# WORK ITEM
From the records below, transcribe exactly the lines that begin at the line with "Kia Sorento-1" and end at the line with "Kaziklu Bey~] 游戏截图2", both included.

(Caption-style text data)
|---|

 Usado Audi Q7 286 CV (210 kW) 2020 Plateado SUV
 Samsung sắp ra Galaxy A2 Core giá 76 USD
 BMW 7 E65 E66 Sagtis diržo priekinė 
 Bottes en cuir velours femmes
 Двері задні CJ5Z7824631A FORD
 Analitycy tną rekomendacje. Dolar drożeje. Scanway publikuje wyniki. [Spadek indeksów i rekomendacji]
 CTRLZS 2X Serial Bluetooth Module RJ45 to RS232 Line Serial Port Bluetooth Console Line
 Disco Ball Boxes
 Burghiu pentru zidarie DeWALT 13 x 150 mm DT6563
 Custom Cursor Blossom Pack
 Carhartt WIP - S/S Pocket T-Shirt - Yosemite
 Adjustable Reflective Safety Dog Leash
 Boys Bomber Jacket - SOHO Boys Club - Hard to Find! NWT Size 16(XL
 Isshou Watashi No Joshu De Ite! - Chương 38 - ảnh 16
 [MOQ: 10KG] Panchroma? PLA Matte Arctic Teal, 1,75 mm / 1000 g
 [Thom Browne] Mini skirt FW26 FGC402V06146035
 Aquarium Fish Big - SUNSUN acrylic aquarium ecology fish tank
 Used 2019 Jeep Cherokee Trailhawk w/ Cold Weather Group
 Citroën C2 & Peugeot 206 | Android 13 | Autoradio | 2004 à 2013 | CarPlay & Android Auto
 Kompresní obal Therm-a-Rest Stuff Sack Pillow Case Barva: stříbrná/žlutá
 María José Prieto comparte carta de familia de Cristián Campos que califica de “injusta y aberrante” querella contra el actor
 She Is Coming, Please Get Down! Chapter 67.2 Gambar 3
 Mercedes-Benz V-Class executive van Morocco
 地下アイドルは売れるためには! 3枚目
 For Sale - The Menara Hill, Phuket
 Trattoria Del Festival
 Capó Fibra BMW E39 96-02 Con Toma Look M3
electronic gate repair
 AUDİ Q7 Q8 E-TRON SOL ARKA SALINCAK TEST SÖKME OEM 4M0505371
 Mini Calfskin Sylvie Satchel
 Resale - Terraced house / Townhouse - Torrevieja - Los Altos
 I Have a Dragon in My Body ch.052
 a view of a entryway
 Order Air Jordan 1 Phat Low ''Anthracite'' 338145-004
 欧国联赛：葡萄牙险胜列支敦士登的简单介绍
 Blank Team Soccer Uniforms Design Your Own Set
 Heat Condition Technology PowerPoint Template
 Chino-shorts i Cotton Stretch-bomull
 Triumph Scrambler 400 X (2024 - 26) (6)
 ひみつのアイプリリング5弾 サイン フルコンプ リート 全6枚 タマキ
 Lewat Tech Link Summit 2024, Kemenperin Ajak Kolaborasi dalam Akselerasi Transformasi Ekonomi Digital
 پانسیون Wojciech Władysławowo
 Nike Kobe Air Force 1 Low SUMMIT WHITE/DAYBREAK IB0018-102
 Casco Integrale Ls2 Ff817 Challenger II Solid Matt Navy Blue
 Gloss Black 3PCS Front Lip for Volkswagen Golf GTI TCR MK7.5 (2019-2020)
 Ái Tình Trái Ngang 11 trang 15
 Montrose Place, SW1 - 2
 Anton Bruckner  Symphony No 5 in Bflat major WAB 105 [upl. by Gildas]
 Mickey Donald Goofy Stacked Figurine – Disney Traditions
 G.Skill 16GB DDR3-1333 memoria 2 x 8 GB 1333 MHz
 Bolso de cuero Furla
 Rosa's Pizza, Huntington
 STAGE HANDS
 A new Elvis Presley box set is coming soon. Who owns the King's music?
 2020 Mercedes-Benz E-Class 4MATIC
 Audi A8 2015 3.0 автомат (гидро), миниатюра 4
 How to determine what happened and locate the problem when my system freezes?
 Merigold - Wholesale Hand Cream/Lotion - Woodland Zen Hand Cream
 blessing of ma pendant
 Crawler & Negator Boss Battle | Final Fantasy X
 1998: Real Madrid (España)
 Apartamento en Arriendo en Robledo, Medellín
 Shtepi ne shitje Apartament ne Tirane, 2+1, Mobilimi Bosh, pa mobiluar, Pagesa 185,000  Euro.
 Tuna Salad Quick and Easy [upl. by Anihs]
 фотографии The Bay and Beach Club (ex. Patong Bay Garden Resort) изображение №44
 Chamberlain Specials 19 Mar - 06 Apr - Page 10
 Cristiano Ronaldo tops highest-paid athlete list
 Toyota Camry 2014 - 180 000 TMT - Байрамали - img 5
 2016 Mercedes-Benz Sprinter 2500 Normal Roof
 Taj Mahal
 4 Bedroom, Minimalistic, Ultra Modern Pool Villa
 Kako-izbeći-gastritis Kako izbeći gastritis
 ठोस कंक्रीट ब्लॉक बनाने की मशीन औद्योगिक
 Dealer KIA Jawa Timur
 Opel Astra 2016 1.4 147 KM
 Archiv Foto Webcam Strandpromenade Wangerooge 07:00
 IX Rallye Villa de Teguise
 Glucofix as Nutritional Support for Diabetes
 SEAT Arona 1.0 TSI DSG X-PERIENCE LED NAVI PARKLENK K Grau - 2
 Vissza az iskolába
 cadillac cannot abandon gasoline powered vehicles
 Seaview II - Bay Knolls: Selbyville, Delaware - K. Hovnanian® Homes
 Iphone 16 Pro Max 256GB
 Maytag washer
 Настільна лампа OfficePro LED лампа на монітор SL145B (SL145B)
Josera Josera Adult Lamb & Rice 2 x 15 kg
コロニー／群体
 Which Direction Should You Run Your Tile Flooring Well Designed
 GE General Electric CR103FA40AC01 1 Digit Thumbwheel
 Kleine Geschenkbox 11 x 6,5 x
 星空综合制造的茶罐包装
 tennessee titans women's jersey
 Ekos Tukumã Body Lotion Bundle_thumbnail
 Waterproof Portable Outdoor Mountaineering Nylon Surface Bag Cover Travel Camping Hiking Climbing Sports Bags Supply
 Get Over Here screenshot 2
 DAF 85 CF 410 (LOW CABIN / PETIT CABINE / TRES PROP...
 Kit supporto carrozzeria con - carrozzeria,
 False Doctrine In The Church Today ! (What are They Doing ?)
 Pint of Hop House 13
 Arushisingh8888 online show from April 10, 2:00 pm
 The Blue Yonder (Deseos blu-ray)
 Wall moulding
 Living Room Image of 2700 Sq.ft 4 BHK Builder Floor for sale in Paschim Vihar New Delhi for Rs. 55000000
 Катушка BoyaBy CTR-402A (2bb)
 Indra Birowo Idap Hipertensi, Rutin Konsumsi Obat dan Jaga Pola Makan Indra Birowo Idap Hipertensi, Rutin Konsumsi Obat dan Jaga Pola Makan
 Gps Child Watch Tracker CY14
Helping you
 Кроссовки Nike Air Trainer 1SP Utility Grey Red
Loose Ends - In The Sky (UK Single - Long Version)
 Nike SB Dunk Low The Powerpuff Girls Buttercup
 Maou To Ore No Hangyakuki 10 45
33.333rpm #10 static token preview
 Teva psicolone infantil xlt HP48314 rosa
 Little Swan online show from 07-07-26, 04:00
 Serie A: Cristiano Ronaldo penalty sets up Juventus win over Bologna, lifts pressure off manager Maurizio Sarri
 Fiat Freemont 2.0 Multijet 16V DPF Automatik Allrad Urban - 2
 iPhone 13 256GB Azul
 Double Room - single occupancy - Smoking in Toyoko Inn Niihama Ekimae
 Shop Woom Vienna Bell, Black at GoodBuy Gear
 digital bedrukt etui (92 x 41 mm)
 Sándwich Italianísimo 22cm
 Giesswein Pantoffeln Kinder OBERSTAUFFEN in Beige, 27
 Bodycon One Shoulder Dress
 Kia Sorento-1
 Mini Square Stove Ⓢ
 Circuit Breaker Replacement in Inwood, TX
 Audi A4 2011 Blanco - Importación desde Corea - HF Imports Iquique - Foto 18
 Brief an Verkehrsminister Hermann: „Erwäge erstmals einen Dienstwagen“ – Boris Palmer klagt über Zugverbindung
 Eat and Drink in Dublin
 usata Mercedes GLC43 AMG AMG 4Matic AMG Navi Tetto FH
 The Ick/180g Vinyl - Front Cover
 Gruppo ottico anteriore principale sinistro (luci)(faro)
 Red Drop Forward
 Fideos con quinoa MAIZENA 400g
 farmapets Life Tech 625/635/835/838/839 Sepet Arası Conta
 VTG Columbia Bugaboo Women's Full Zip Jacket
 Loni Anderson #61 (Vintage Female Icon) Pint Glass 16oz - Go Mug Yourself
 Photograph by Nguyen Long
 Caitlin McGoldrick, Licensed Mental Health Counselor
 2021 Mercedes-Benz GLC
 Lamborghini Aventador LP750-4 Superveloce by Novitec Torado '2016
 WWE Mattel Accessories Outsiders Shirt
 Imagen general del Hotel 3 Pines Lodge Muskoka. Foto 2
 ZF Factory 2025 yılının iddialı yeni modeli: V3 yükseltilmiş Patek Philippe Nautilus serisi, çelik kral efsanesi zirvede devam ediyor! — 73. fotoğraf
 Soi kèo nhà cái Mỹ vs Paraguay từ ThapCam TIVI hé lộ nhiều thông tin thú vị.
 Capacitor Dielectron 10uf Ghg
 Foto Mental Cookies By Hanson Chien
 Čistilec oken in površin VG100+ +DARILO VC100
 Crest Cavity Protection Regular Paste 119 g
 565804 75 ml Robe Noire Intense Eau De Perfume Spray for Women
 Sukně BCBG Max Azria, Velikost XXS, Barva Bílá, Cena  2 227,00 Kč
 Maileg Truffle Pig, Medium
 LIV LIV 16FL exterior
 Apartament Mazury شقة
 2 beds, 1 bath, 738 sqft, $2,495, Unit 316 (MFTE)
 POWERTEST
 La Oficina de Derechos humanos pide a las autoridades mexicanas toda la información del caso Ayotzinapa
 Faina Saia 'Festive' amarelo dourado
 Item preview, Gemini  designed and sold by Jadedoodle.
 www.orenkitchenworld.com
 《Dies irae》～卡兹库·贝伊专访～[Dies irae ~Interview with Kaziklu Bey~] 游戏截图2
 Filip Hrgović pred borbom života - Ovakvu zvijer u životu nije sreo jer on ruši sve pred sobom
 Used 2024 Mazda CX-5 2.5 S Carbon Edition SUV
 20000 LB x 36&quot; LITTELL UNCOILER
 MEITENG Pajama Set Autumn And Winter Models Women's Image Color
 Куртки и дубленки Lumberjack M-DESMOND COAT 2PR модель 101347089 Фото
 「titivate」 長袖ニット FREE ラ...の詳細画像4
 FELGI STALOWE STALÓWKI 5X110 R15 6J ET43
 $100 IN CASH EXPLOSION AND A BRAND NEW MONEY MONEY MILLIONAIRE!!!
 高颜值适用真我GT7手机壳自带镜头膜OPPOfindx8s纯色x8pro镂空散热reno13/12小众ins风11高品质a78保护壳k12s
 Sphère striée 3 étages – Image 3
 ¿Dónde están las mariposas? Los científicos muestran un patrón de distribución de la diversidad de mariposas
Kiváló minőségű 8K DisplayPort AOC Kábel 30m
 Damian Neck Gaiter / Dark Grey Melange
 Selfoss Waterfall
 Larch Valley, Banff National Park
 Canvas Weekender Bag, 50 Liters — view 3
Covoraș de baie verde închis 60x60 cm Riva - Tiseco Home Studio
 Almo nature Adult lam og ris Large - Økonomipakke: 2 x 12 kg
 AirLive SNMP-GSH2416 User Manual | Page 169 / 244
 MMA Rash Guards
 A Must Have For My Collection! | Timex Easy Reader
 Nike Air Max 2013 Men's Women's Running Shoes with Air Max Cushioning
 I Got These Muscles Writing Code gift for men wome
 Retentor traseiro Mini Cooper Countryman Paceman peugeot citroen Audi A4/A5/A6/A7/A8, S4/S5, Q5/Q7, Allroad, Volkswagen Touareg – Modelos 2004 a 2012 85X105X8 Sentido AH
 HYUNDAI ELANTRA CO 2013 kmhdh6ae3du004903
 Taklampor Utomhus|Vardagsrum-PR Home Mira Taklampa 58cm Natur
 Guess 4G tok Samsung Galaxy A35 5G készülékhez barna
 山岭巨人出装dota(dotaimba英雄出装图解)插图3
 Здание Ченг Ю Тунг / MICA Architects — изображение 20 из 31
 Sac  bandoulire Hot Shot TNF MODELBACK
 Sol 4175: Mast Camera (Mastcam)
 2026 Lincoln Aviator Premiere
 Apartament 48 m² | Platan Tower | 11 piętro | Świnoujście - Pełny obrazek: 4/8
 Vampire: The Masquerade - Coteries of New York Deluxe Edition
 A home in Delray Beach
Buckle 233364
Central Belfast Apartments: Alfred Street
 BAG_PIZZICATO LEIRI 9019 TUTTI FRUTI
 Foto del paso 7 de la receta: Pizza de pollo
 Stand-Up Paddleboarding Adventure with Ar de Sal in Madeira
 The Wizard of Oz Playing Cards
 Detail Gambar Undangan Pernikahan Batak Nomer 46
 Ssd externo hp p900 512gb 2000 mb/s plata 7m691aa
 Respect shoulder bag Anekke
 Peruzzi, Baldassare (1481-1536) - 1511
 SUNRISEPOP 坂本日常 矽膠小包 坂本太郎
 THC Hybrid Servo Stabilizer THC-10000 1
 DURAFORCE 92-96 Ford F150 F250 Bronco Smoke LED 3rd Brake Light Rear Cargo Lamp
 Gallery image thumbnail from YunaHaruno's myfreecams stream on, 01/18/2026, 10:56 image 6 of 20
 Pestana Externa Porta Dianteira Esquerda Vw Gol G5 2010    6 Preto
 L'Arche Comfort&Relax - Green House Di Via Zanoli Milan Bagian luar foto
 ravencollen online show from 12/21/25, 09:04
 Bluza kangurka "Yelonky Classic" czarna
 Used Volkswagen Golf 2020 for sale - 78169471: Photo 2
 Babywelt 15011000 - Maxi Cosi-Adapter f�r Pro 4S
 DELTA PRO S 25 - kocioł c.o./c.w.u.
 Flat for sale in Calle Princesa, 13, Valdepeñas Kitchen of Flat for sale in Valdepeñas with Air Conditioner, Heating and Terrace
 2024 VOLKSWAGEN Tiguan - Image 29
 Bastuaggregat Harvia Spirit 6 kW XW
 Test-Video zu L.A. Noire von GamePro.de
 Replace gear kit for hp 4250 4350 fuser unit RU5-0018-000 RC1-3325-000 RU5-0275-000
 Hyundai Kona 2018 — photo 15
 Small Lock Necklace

|---|

# PROBLEM SOLUTION
 Kia Sorento-1
 Mini Square Stove Ⓢ
 Circuit Breaker Replacement in Inwood, TX
 Audi A4 2011 Blanco - Importación desde Corea - HF Imports Iquique - Foto 18
 Brief an Verkehrsminister Hermann: „Erwäge erstmals einen Dienstwagen“ – Boris Palmer klagt über Zugverbindung
 Eat and Drink in Dublin
 usata Mercedes GLC43 AMG AMG 4Matic AMG Navi Tetto FH
 The Ick/180g Vinyl - Front Cover
 Gruppo ottico anteriore principale sinistro (luci)(faro)
 Red Drop Forward
 Fideos con quinoa MAIZENA 400g
 farmapets Life Tech 625/635/835/838/839 Sepet Arası Conta
 VTG Columbia Bugaboo Women's Full Zip Jacket
 Loni Anderson #61 (Vintage Female Icon) Pint Glass 16oz - Go Mug Yourself
 Photograph by Nguyen Long
 Caitlin McGoldrick, Licensed Mental Health Counselor
 2021 Mercedes-Benz GLC
 Lamborghini Aventador LP750-4 Superveloce by Novitec Torado '2016
 WWE Mattel Accessories Outsiders Shirt
 Imagen general del Hotel 3 Pines Lodge Muskoka. Foto 2
 ZF Factory 2025 yılının iddialı yeni modeli: V3 yükseltilmiş Patek Philippe Nautilus serisi, çelik kral efsanesi zirvede devam ediyor! — 73. fotoğraf
 Soi kèo nhà cái Mỹ vs Paraguay từ ThapCam TIVI hé lộ nhiều thông tin thú vị.
 Capacitor Dielectron 10uf Ghg
 Foto Mental Cookies By Hanson Chien
 Čistilec oken in površin VG100+ +DARILO VC100
 Crest Cavity Protection Regular Paste 119 g
 565804 75 ml Robe Noire Intense Eau De Perfume Spray for Women
 Sukně BCBG Max Azria, Velikost XXS, Barva Bílá, Cena  2 227,00 Kč
 Maileg Truffle Pig, Medium
 LIV LIV 16FL exterior
 Apartament Mazury شقة
 2 beds, 1 bath, 738 sqft, $2,495, Unit 316 (MFTE)
 POWERTEST
 La Oficina de Derechos humanos pide a las autoridades mexicanas toda la información del caso Ayotzinapa
 Faina Saia 'Festive' amarelo dourado
 Item preview, Gemini  designed and sold by Jadedoodle.
 www.orenkitchenworld.com
 《Dies irae》～卡兹库·贝伊专访～[Dies irae ~Interview with Kaziklu Bey~] 游戏截图2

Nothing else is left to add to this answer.